__Task prompt__.
Reproduce all the data verbatim.

** Given data follows **

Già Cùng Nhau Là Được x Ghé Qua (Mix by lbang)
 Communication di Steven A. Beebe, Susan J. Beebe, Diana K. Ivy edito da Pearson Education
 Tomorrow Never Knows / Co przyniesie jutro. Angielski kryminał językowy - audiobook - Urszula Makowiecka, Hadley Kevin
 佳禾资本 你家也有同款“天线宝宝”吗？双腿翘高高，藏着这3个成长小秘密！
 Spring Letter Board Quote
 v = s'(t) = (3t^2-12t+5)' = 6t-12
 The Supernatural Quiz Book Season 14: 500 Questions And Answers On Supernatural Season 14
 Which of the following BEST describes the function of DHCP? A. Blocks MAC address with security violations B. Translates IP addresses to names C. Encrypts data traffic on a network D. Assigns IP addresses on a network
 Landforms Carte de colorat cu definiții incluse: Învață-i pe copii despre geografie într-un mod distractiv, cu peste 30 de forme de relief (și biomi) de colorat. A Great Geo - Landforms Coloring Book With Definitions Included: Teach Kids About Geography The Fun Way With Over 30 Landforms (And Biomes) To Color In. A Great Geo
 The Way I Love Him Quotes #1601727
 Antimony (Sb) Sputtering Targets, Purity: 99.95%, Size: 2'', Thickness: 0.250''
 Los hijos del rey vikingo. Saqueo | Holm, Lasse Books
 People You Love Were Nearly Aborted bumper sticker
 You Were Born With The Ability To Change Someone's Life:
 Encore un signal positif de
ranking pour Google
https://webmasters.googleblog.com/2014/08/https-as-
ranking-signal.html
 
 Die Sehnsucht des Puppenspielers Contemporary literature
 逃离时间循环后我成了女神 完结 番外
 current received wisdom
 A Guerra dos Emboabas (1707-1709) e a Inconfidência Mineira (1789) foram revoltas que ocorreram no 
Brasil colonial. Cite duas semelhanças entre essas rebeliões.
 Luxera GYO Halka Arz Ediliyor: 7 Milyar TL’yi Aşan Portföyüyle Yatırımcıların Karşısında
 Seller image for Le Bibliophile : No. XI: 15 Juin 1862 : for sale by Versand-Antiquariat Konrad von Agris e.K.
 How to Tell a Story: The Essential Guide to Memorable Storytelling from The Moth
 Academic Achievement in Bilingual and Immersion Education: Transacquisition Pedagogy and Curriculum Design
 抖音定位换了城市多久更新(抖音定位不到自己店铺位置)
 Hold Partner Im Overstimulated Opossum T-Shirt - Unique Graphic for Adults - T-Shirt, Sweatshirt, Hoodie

** End of Given data **

__Worked solution__.
Già Cùng Nhau Là Được x Ghé Qua (Mix by lbang)
 Communication di Steven A. Beebe, Susan J. Beebe, Diana K. Ivy edito da Pearson Education
 Tomorrow Never Knows / Co przyniesie jutro. Angielski kryminał językowy - audiobook - Urszula Makowiecka, Hadley Kevin
 佳禾资本 你家也有同款“天线宝宝”吗？双腿翘高高，藏着这3个成长小秘密！
 Spring Letter Board Quote
 v = s'(t) = (3t^2-12t+5)' = 6t-12
 The Supernatural Quiz Book Season 14: 500 Questions And Answers On Supernatural Season 14
 Which of the following BEST describes the function of DHCP? A. Blocks MAC address with security violations B. Translates IP addresses to names C. Encrypts data traffic on a network D. Assigns IP addresses on a network
 Landforms Carte de colorat cu definiții incluse: Învață-i pe copii despre geografie într-un mod distractiv, cu peste 30 de forme de relief (și biomi) de colorat. A Great Geo - Landforms Coloring Book With Definitions Included: Teach Kids About Geography The Fun Way With Over 30 Landforms (And Biomes) To Color In. A Great Geo
 The Way I Love Him Quotes #1601727
 Antimony (Sb) Sputtering Targets, Purity: 99.95%, Size: 2'', Thickness: 0.250''
 Los hijos del rey vikingo. Saqueo | Holm, Lasse Books
 People You Love Were Nearly Aborted bumper sticker
 You Were Born With The Ability To Change Someone's Life:
 Encore un signal positif de
ranking pour Google
https://webmasters.googleblog.com/2014/08/https-as-
ranking-signal.html
 
 Die Sehnsucht des Puppenspielers Contemporary literature
 逃离时间循环后我成了女神 完结 番外
 current received wisdom
 A Guerra dos Emboabas (1707-1709) e a Inconfidência Mineira (1789) foram revoltas que ocorreram no 
Brasil colonial. Cite duas semelhanças entre essas rebeliões.
 Luxera GYO Halka Arz Ediliyor: 7 Milyar TL’yi Aşan Portföyüyle Yatırımcıların Karşısında
 Seller image for Le Bibliophile : No. XI: 15 Juin 1862 : for sale by Versand-Antiquariat Konrad von Agris e.K.
 How to Tell a Story: The Essential Guide to Memorable Storytelling from The Moth
 Academic Achievement in Bilingual and Immersion Education: Transacquisition Pedagogy and Curriculum Design
 抖音定位换了城市多久更新(抖音定位不到自己店铺位置)
 Hold Partner Im Overstimulated Opossum T-Shirt - Unique Graphic for Adults - T-Shirt, Sweatshirt, Hoodie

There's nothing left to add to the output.